LITERATURE for the INFERTILITY CLINIC

BRIEFING: The Reproductive Times in this section offers commentaries on a broad survey of recent articles in the English literature that the CHR considered of interest regarding the practice of clinical infertility, even if, at times, they are not immediately applicable to daily clinical practice. Articles are mostly chosen for two reasons: their potential translational value for immediate clinical practice or to help in determining where clinical practice might evolve.


IN VITRO FERTILIZATION (IVF)

Does human growth hormone affect IVF cycle outcomes? And what else we can learn about medical publishing from this paper

In comparison to most other medical journals in the fertility field, Human Reproduction is usually quite good. However, no journal is, of course, perfect, and the journal recently got a black eye for publishing a truly ridiculous paper on the routine use of human growth hormone (GH) during in vitro fertilization (IVF) cycles.

The title of the paper already said it all and also reflected a truly exaggerated degree of unearned self-assurance: “Empirical use of growth hormone (GH) in IVF is useless: the largest randomized controlled trial” (1). As it turned out, both statements were unsustainable: The study did not demonstrate that GH in IVF cycles was “useless.” In fact, the study left this issue unresolved. And while the paper did report a study of considerable size, it was not the largest ever randomized study of GH use in IVF because, as administered, there was no GH effect on ovaries in the index cycle. Let us explain:

The study attempted to investigate whether supplementation with GH in a general population of infertile women undergoing an antagonist IVF cycle would improve IVF cycle outcomes. The absurdity of this study design is, however, similar to a hypothetical study of aspirin in a prospectively randomized study of a general population (where a large majority likely have no headache) to see whether aspirin, indeed, does improve headache. Very obviously, such an aspirin study would make no sense!

A medical treatment can show effectiveness, of course, only if the target population is affected by the medical problem the treatment is supposed to address. In an IVF cycle, this means that GH supplementation makes sense only if insulin-like growth factor-1 (IGF-1) levels are abnormally low because GH acts on small growing follicles during folliculogenesis synergistically with FSH and androgens through IGF-1. And since abnormally low IGF-1 levels in infertile women are very rare, this study – with great likelihood – treated a large majority of women with GH who did not need it because their IGF-1 levels were within the normal range.
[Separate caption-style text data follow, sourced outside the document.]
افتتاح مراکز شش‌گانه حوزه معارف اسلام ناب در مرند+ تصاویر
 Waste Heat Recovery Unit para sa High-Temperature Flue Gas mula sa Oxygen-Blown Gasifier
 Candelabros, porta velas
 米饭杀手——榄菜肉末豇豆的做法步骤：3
Who, therefore, can be surprised by the conclusion of the study that GH showed no effects?

We have, indeed, in these pages repeatedly pointed out that the persisting controversy regarding GH supplementation in IVF is likely at least to a large degree due to the fact that different studies with varying outcomes just reflected the different prevalence of abnormally low IGF-1 levels in study populations.

This article, however, also raises another important point: namely, that because IGF-1 effects primarily occur only on small growing follicles between secondary and small-antral follicles – which still need at least 6-8 weeks of further growth and development before reaching the gonadotropin-dependent state, when they become available in an IVF cycle – GH supplementation must begin in women with low IGF-1 at least 6-8 weeks before the IVF cycle begins if this treatment is expected to affect oocytes. And in this study, GH was only given during the IVF cycle, thus treating the follicle cohort 1-2 months following the index IVF cycle reported in the manuscript.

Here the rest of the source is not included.